## Task details
Provide an exact copy of the data, excluding the images.

## Free-text object descriptions
════════
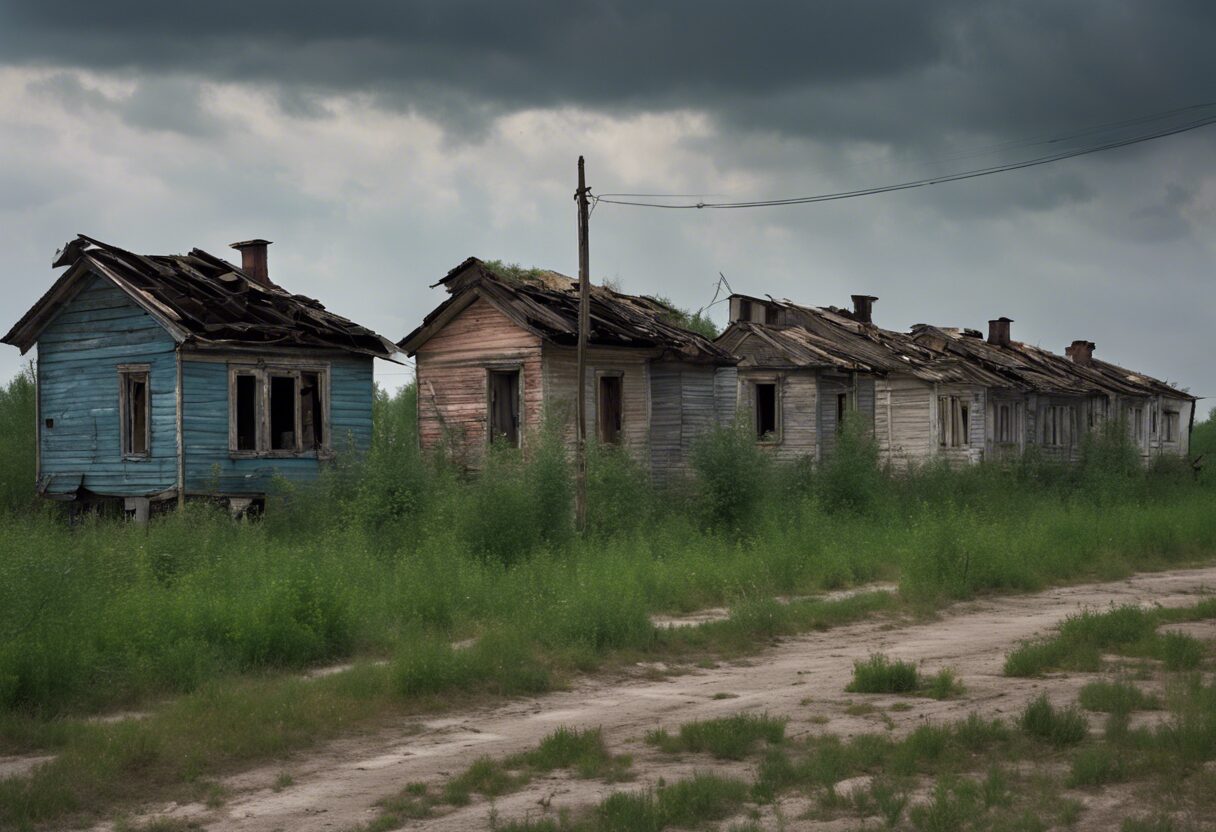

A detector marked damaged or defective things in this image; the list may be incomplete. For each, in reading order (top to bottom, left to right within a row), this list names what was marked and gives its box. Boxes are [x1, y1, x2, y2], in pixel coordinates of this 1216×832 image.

damaged roof [1, 237, 398, 360]
rusty metal roofing [3, 237, 398, 360]
damaged roof [401, 255, 729, 364]
rusty metal roofing [403, 256, 734, 364]
damaged roof [715, 291, 1191, 398]
rusty metal roofing [715, 291, 1191, 398]
broken window frame [116, 362, 150, 457]
broken window frame [228, 362, 330, 457]
broken window frame [483, 364, 522, 447]
broken window frame [598, 372, 627, 445]
broken window frame [749, 379, 778, 442]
════════
## Expected answer
A detector marked damaged or defective things in this image; the list may be incomplete. For each, in reading order (top to bottom, left to right within a row), this list names what was marked and gives its box. Boxes are [x1, y1, x2, y2], in pixel coordinates of this 1216×832 image.

damaged roof [1, 237, 398, 360]
rusty metal roofing [3, 237, 398, 360]
damaged roof [401, 255, 729, 364]
rusty metal roofing [403, 256, 734, 364]
damaged roof [715, 291, 1191, 398]
rusty metal roofing [715, 291, 1191, 398]
broken window frame [116, 362, 150, 457]
broken window frame [228, 362, 330, 457]
broken window frame [483, 364, 522, 447]
broken window frame [598, 372, 627, 445]
broken window frame [749, 379, 778, 442]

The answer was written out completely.